Eu tenho um curso com uma técnica de Pintura Relâmpago, então além de ensinar algo eu tenho que produzir e mostrar um processo eficiente”
Fazer as duas coisas ao mesmo tempo é uma habilidade que foi adquirida com a prática. E praticar é o segredo para ver resultados (Mr. Miyagi que o diga). A maior dificuldade dos alunos é a falta de paciência e perseverança – muitos já querem produzir coisas incríveis na primeira aula e se frustram quando isso não acontece. Um dos primeiros animadores da Disney, Walt Stanchfield, disse certa vez que todos temos 10 mil desenhos ruins dentro de nós e quanto antes nos livrarmos deles, melhor. “Eu gosto desta ideia, acho que com a pintura é a mesma coisa, os desenhos bons só vão sair quando você gastar os que não prestam”, complementa Calil.
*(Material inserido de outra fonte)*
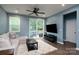 Cozy living room with a comfortable sofa, ceiling fan, and access to the outdoor deck at 2932 Pirates Pl, Charlotte, NC 28216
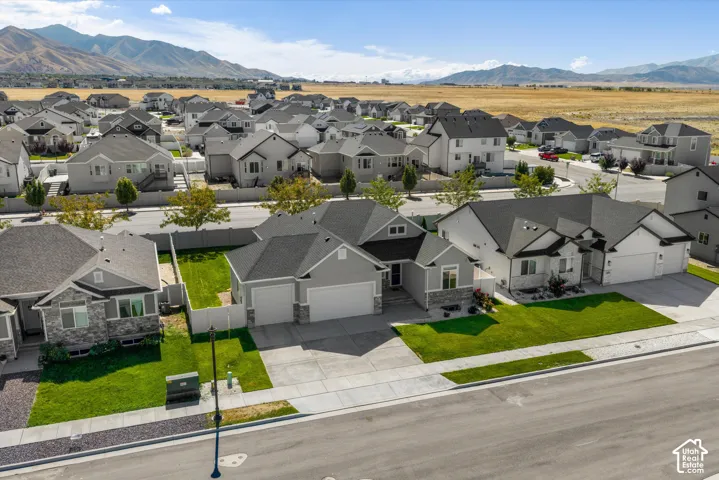 Single-story residence featuring a two-car garage, stone and siding exterior, and a well-maintained front lawn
“Todos temos 10 mil desenhos ruins dentro de nós. Quanto antes nos livrarmos deles, melhor.” – Walt Stanchfield
A web comic de Davi Calil se chama “Kung Fu Ganja” e foi lançada no final de novembro. O artista já tem muita coisa adiantada para poder manter o ritmo de produção no próximo ano, mas parte do primeiro capítulo já está disponível para leitura gratuita no Tapastic. “Tenho escutado muitos audiobooks para manter a leitura em dia e, pra falar a verdade, agora estou pesquisando bastante para o Kung Fu Ganja, então passei a buscar materiais sobre a história da China para aprimorar os roteiros”. Você pode acompanhar as novidades do projeto na página criada especialmente para o Kung Fu Ganja no Facebook. “Quero dar esse passo e espero que a obra chegue em muito mais pessoas”, finaliza.
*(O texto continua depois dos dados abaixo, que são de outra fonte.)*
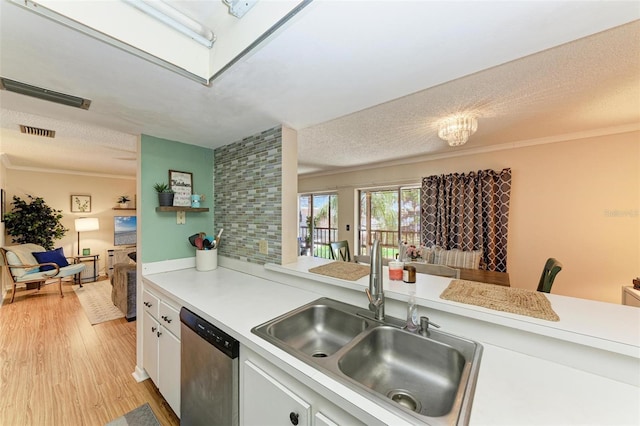 kitchen with light wood-type flooring, stainless steel dishwasher, a textured ceiling, sink, and white cabinets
Enquanto as grandes livrarias ainda separam um espaço modesto aos quadrinhos nacionais, já existem algumas lojas inteiramente dedicadas à venda de trabalhos independentes, autorais, diferentes – além, é claro, do apoio que os autores podem buscar na internet com leitores, blogueiros, youtubers e toda essa galera que consome, sim, Turma da Mônica, mas também outras obras tão legais quanto. Opções não faltam, nem para o leitor, nem para o autor.
Raquel Moritz é publicitária, publica vídeos e textos sobre literatura e quadrinhos no Pipoca Musical e, por mais que tente, não consegue nem desenhar boneco palito.